→ **Record excerpts**
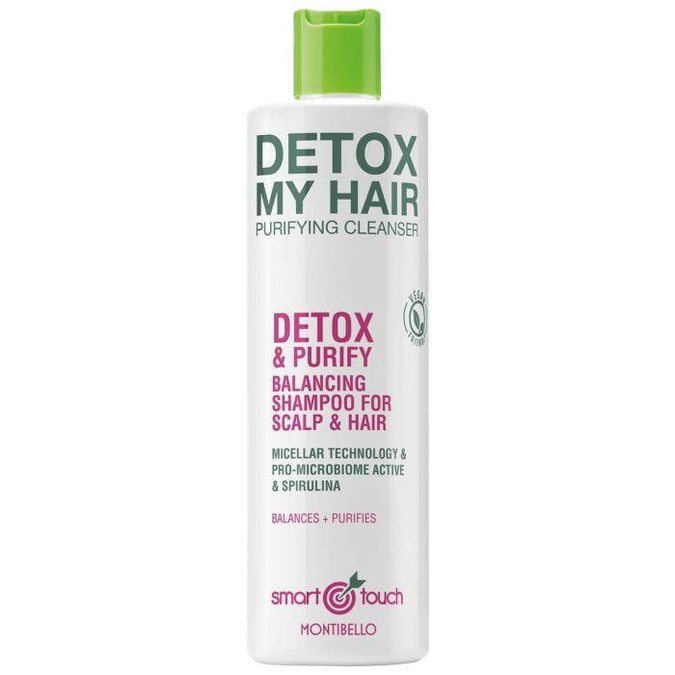  Montibello Smart Touch Detox My Hair Shampoo 300ml 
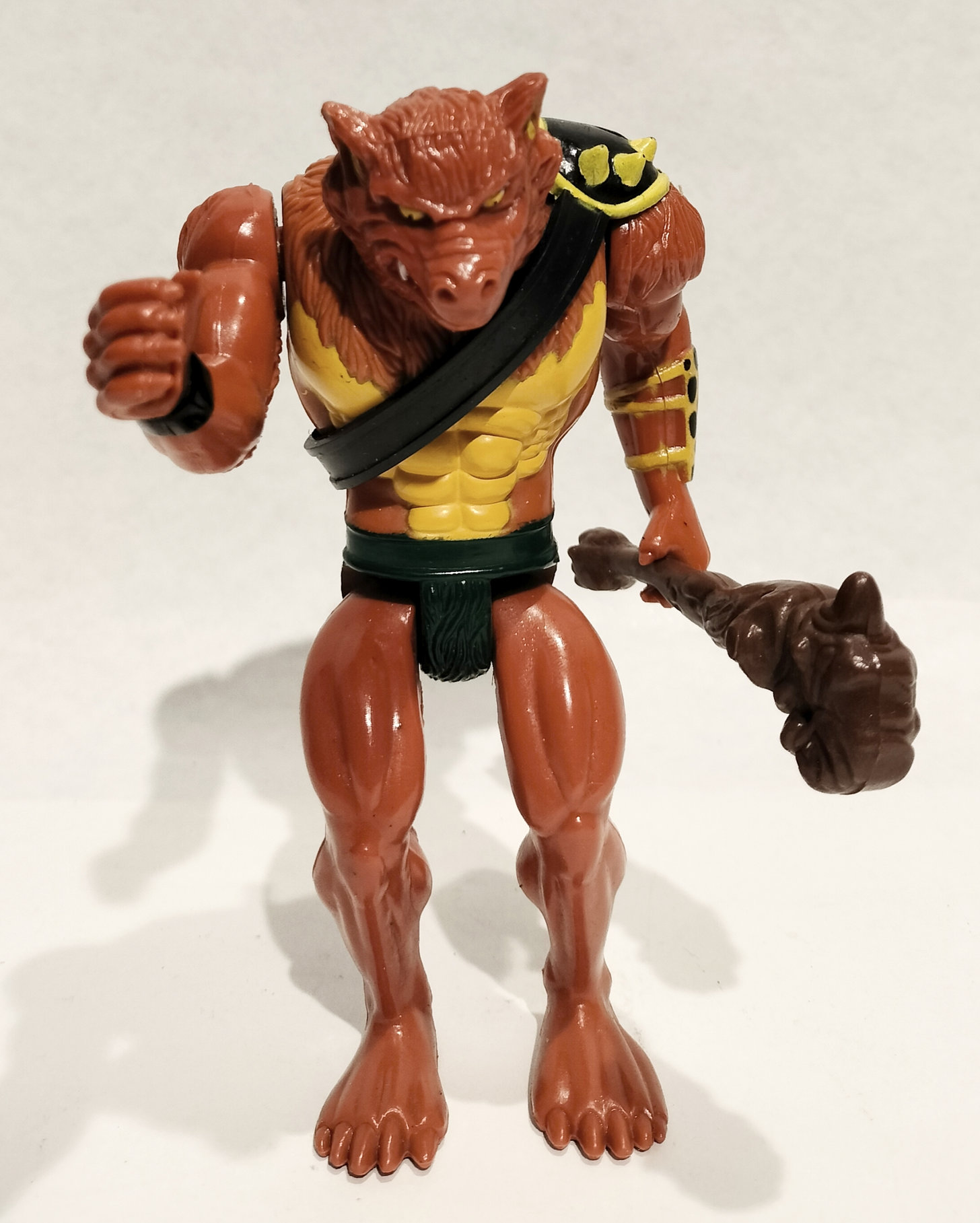 Jackalman – Thundercats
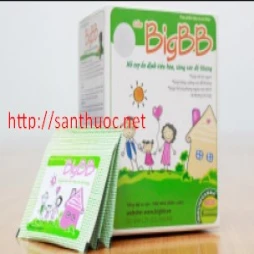 BigBB - Giúp trẻ ăn ngon hiệu quả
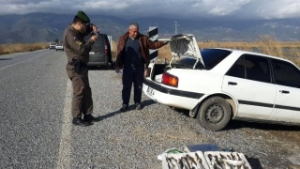 Söke`de Balık Avı Denetimleri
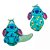 Pelucia Oficial Disney Stitch Baby - Fun - Imagem 3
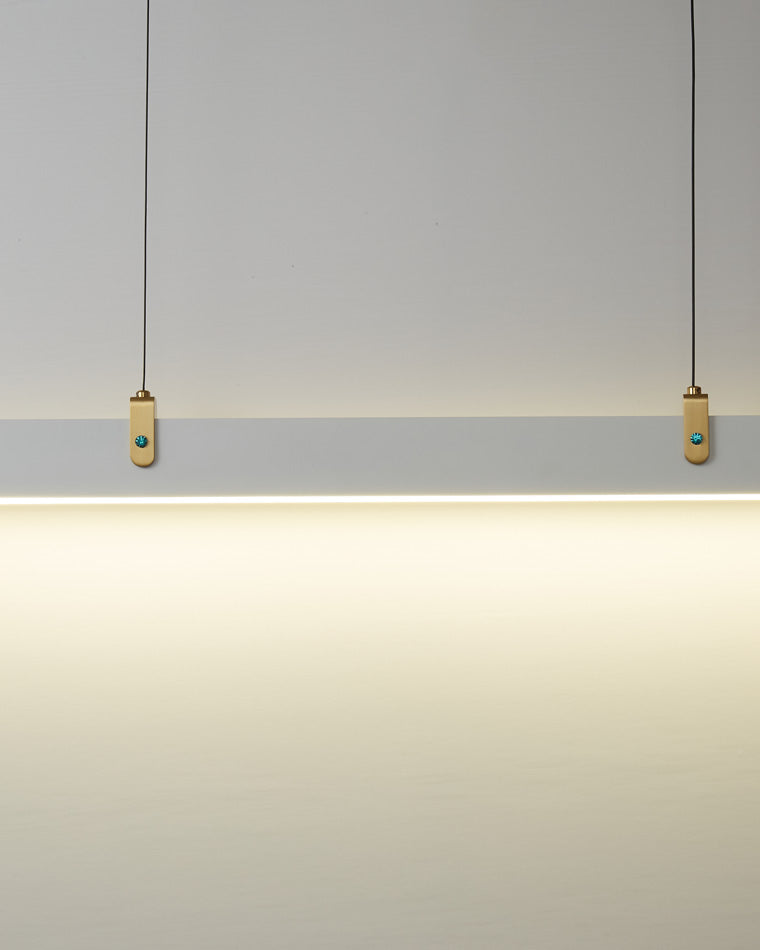 Diff LED Linear Pendant Light-DF2181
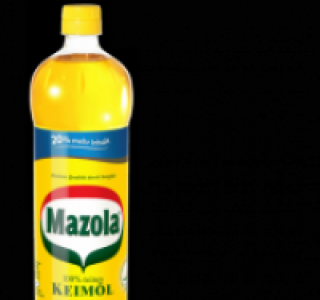 MAZOLA Keimöl 2.22 €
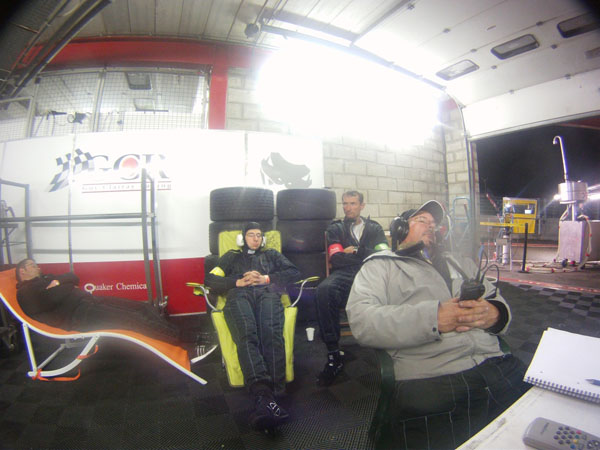 CGR 24 h de Spa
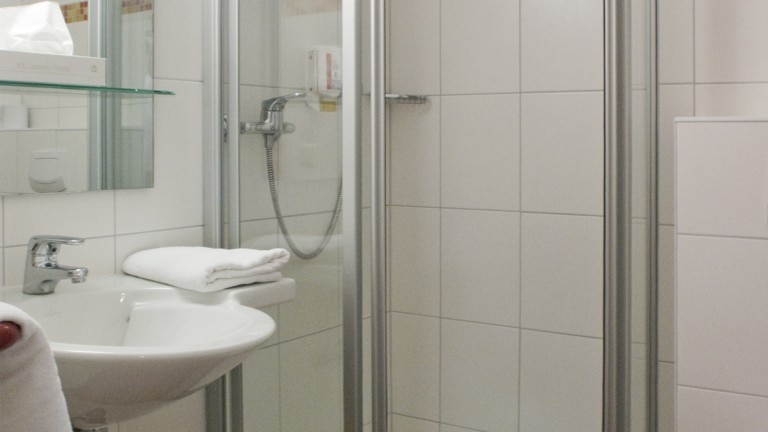 Eenpersoonskamer - CityHotel Kurfürst Balduin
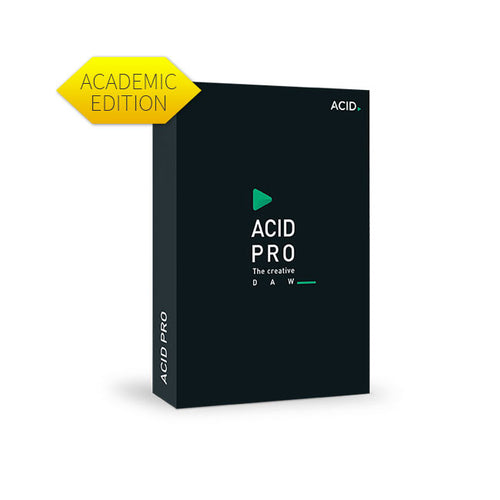 Magix ACID Pro 10 (Academic) ESD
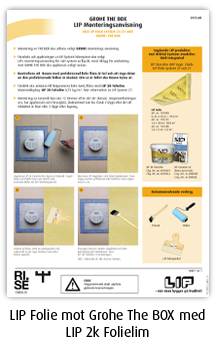 Grohe The Box
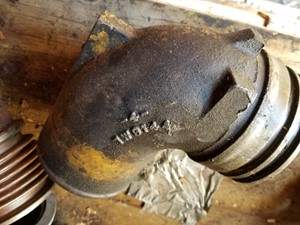 Used Caterpillar C12 Engine Misc Part Image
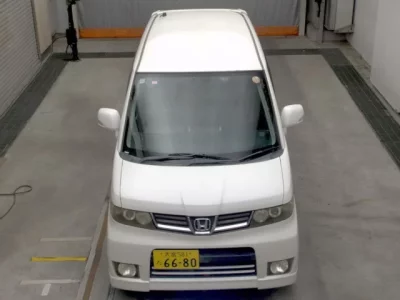 Honda ZEST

→ **Exercise prompt**
Return the lines exactly, from the one containing "Diff LED Linear Pendant Light-DF2181" through the last line above, including both ends and excluding every picture.

→ **Solution to the exercise**
 Diff LED Linear Pendant Light-DF2181
 MAZOLA Keimöl 2.22 €
 CGR 24 h de Spa
 Eenpersoonskamer - CityHotel Kurfürst Balduin
 Magix ACID Pro 10 (Academic) ESD
 Grohe The Box
 Used Caterpillar C12 Engine Misc Part Image
 Honda ZEST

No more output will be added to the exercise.